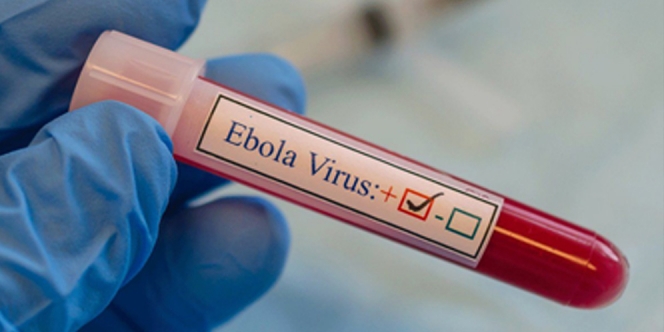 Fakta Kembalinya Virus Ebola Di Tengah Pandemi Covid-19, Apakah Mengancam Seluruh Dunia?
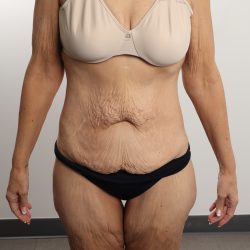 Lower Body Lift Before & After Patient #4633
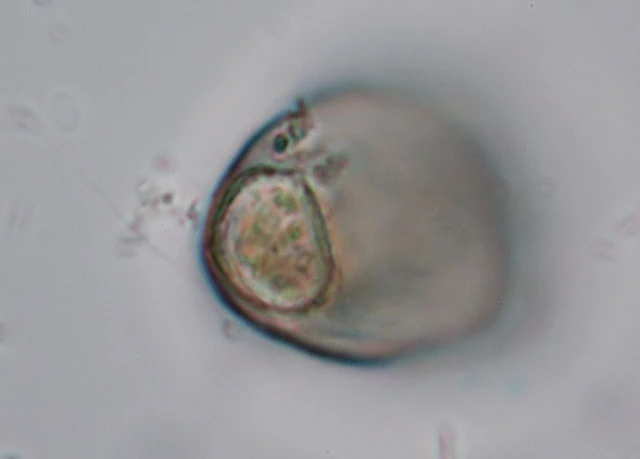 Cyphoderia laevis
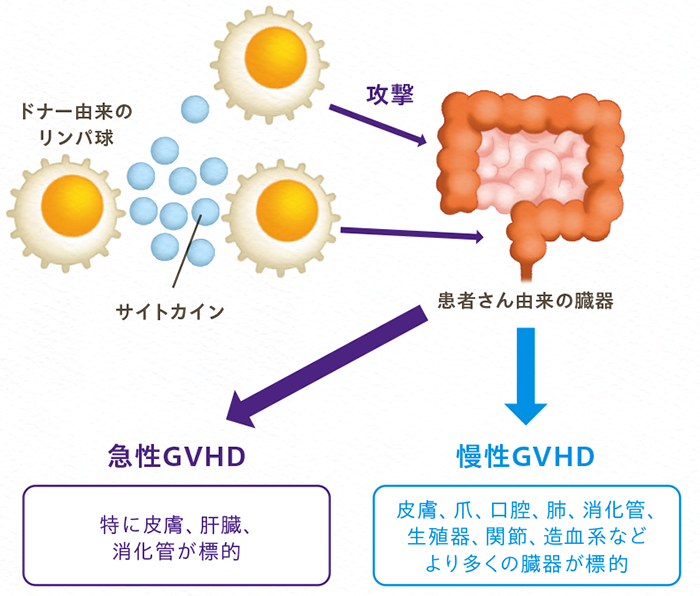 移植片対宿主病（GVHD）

§ **WHAT TO PRODUCE**: What you return should be the full listing, unchanged, minus the pictures.

§ **TASK SOLUTION**:
 Fakta Kembalinya Virus Ebola Di Tengah Pandemi Covid-19, Apakah Mengancam Seluruh Dunia?
 Lower Body Lift Before & After Patient #4633
 Cyphoderia laevis
 移植片対宿主病（GVHD）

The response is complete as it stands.